7. Pytest Integration¶
Session Hooks¶
# In tests/tests_fabric/conftest.py and tests/tests_pytorch/conftest.py
def pytest_sessionstart(session):
    """Clean stale port state at session start."""
    from lightning.fabric.utilities.port_manager import get_port_manager
    manager = get_port_manager()
    stale_count = manager.cleanup_stale_entries()
    if stale_count > 0:
        print(f"Cleaned up {stale_count} stale port(s) from previous runs")
def pytest_sessionfinish(session, exitstatus):
    """Final cleanup at session end."""
    from lightning.fabric.utilities.port_manager import get_port_manager
    manager = get_port_manager()
    manager.cleanup_stale_entries()
Test-Level Cleanup (Enhanced)¶
Existing retry logic in pytest_runtest_makereport is enhanced to:
- Release ports before retry 
- Clean up stale entries 
- Wait for OS TIME_WAIT state 
Performance Considerations¶
Optimization Strategies¶
1. In-Memory Cache
- Keep process-local cache of allocated ports 
- Only consult file state on allocation/release 
- Reduces file I/O by ~90% 
2. Lazy Cleanup
- Stale entry cleanup on allocation, not on every read 
- Batch cleanup operations 
- Amortize cleanup cost 
3. Lock Minimization
- Hold file lock only during critical section 
- Release immediately after state write 
- Typical lock hold time: <5ms 
4. Non-Blocking Fast Path
- Try non-blocking lock first 
- Fall back to blocking with timeout 
- Reduces contention in common case 
Performance Targets¶
| Operation | Target | Notes | 
|---|---|---|
| Port allocation | <10ms | Including file lock + I/O | 
| Port release | <5ms | Simple state update | 
| Stale cleanup | <50ms | May scan 100+ entries | 
| Lock contention | <1% | Processes rarely overlap | 
Error Handling¶
Lock Acquisition Failure¶
try:
    with self._file_lock:
        # ... allocate port
except TimeoutError as e:
    # Fail fast to prevent state divergence
    log.error("Failed to acquire file lock for port allocation")
    raise RuntimeError(
        "Unable to acquire file lock for port allocation. "
        "This prevents process-safe coordination. "
        "Check if another process is holding the lock or if the lock file is inaccessible."
    ) from e
Rationale: We fail fast on lock timeout instead of falling back to OS allocation.
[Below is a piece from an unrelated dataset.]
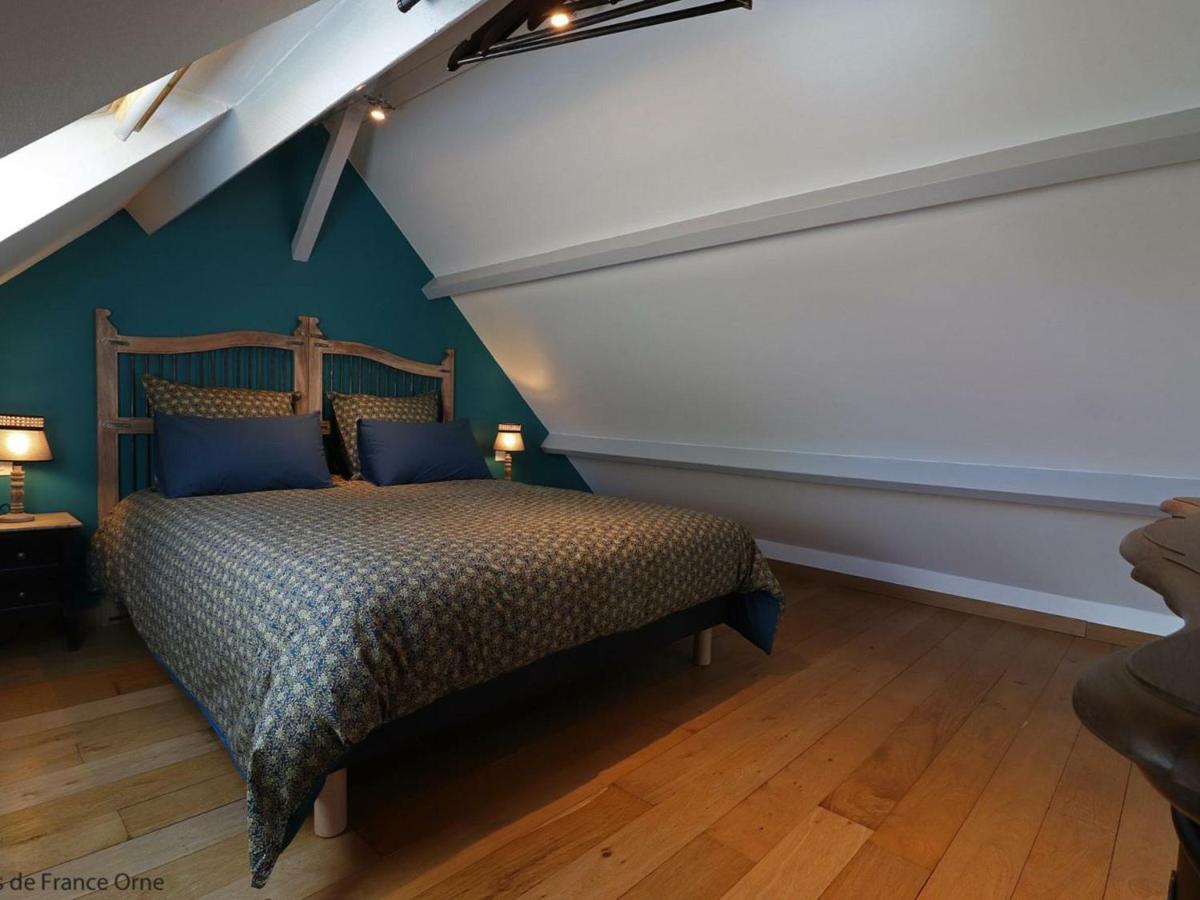 Gîte Saint-Cyr-la-Rosière, 4 pièces, 8 personnes - FR-1-497-134 - Housity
Fallback would bypass the shared state, allowing multiple processes to allocate the same port, defeating the purpose of process-safe coordination. By raising an error, we force the caller to handle the exceptional case explicitly rather than silently accepting a race condition.
Corrupted State File¶
try:
    state = json.load(f)
except json.JSONDecodeError:
    log.warning("Corrupted state file, starting fresh")
    return PortState()  # Empty state
Dead PID Detection¶
def _is_pid_alive(self, pid: int) -> bool:
    """Check if process is still running."""
    try:
        os.kill(pid, 0)  # Signal 0 = existence check
        return True
    except (OSError, ProcessLookupError):
        return False
Security Considerations¶
File Permissions¶
- Lock and state files created with default umask 
- No sensitive data stored (only port numbers and PIDs) 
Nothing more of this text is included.